Thursday, March 29, 2007

Dell is singing a new tune

According to this official news from Dell, it seems that they are finally listening to their customers. I guess someone must've beat some sense into the Dell management that the #1 rule in business is to give your customers what they want.

According to the news, they have decided to expand their Linux support to selected desktop and notebook systems. On their official blog, they have posted more information about this. Dell will first certify that the hardware that they sell is supplied with all the necessary drivers to run Linux. That's the primary concern of the users, and not which distribution to support.

All is well in this world then. I'm quite surprised that more than 100,000 people actually took part in the survey. I personally didn't. With a sample size like that, I'm fairly certain that there aren't that many Linux fanboys out there to skew this survey. It's quite possible that a lot of the people who took the survey were IT consultants and managers. The kind of people on the line who will affect purchasing decisions and are sufficiently knowledgeable to know a good decision when they see one.

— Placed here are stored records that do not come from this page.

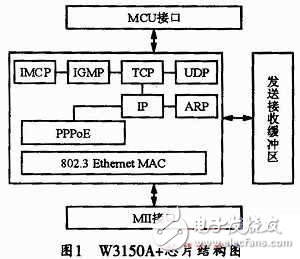 基于FPGA与W3150A+的以太网接口设计,基于FPGA与W3150A+的以太网接口设计,第2张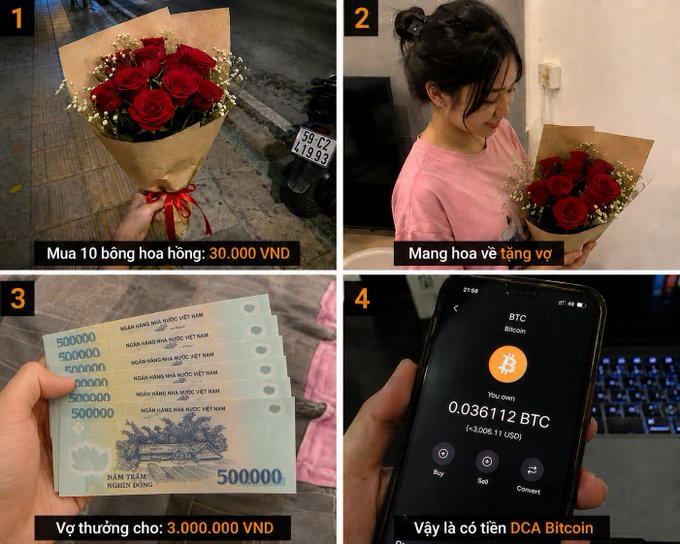 A four-panel image documenting buying 10 roses for 30,000 VND, the wife receiving them, gifting 3,000,000 VND in cash, and the Bitcoin DCA app showing 0.036112 BTC (~$3,006.11 USD), with Vietnamese captions explaining the process.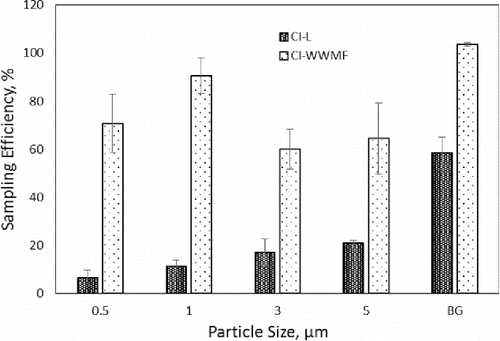 Figure 2. Total sampling efficiency of the CI-L and CI-WWMF. The X-axis lists the particle sizes of polystyrene latex (PSL) microspheres and Bacillus atrophaeus var. globigii (BG) spores (median aerodynamic particle size of 0.8 µm) used to determine the sampling efficiency.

Competition is good. By having a OS choice, Dell may benefit from the leverage it can put on Microsoft. In the past, when there wasn't much demand for Linux, Microsoft could dictate terms. Now, if Dell can show that they can post a profit by selling Linux based machines, and prove to the other Tier 1 vendors that there is *actually* a market for Linux based PCs, Microsoft will suddenly have to play the courter, rather than dictator.

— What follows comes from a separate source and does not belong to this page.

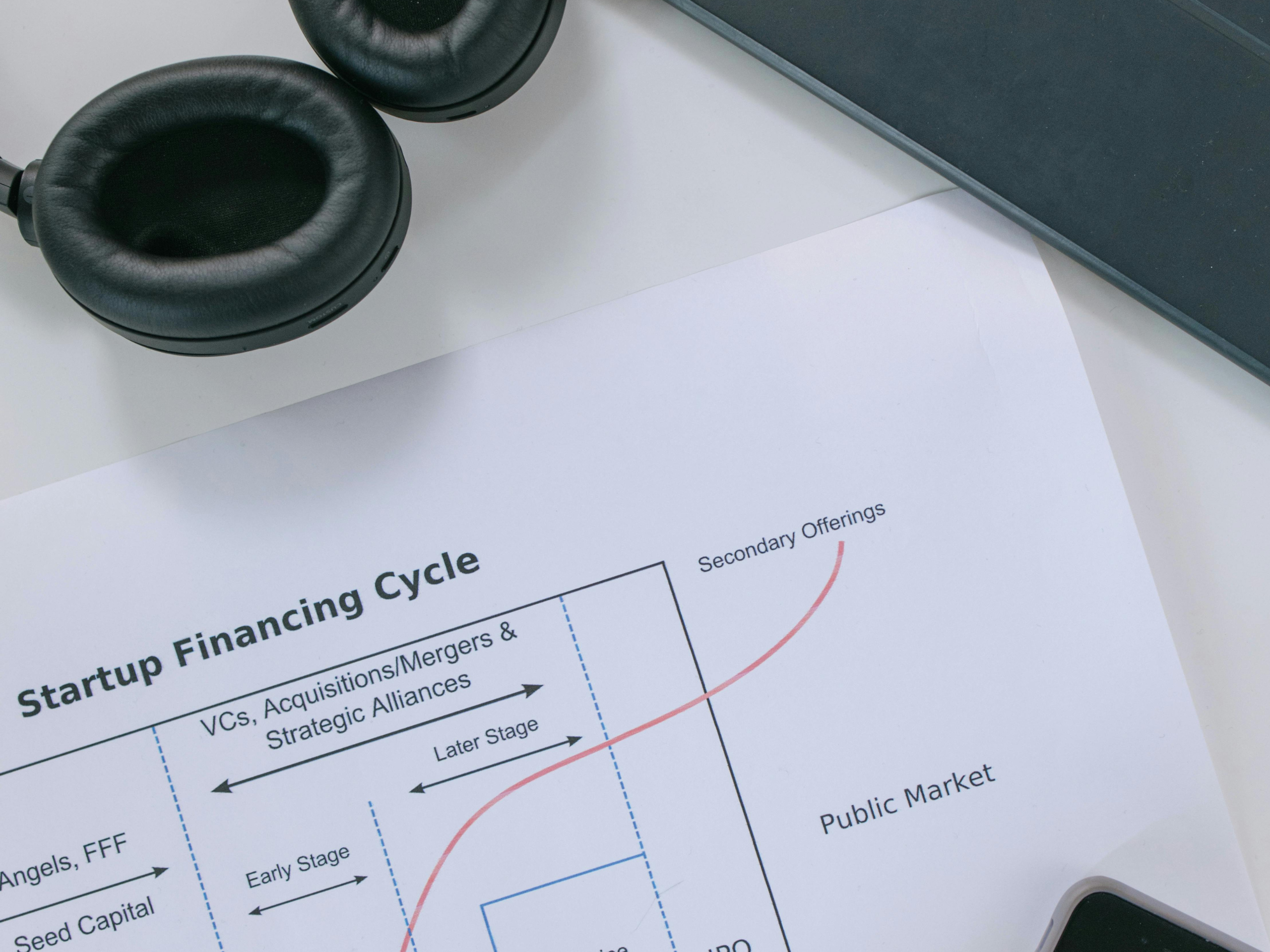 Read more about the article How to Use a Business Strategy Template to Achieve Your Goals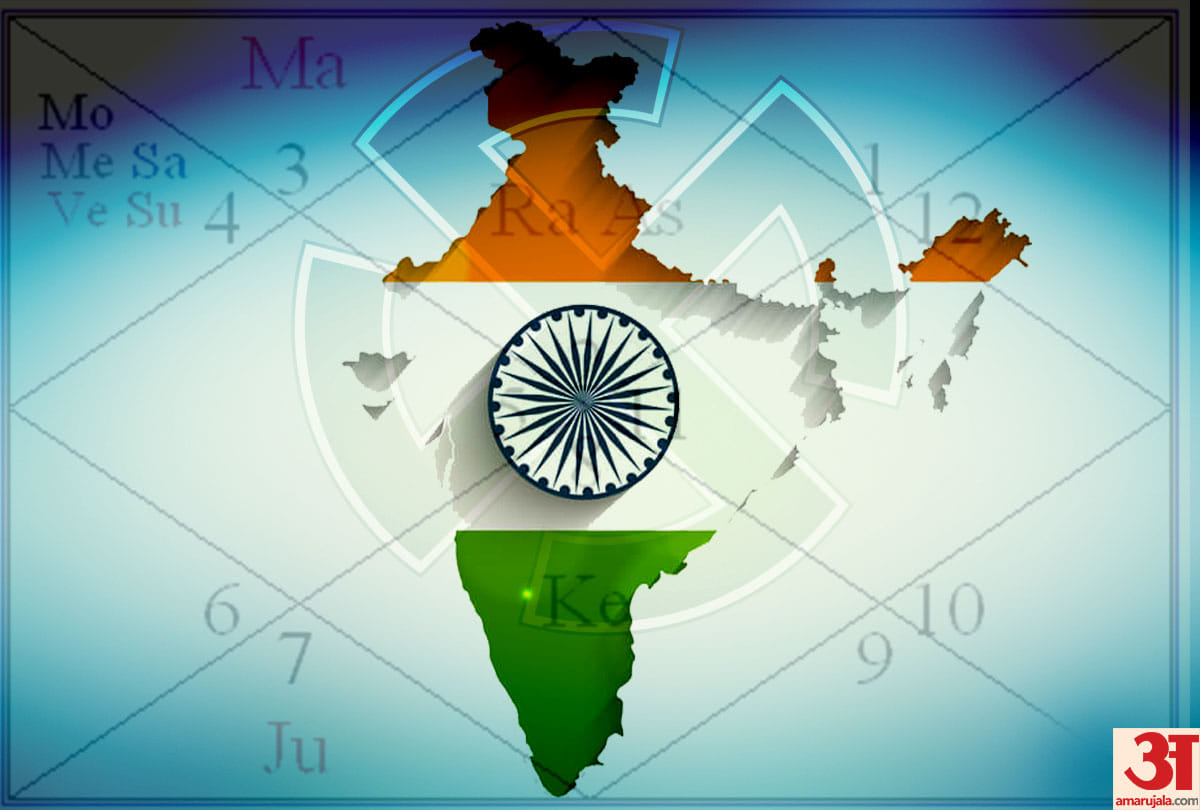 Hindi New year for loksabha election 2019 according to astrologers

Dell has already shown that it is capable of breaking 'special relationships' when it started shipping AMD based machines side-by-side with Intel ones. It probably lost a significant amount of co-marketing funds from Intel for that. However, it must've made more customers, since they have expanded their AMD based product line from the initial servers, to desktops and notebooks now.

So, I'm fairly certain that Dell has considered the amount of co-marketing funds it's going to lose from Microsoft if it starts shipping Linux based machines side-by-side. However, it has to remember that it's selling boxes, not software. If Linux will help it ship more boxes, then, that's the way to go. Dell must've done their market research and concluded that they will make more money doing this, than by ignoring their customer requests. Now, if only Dell can do something about the design of it's boxes....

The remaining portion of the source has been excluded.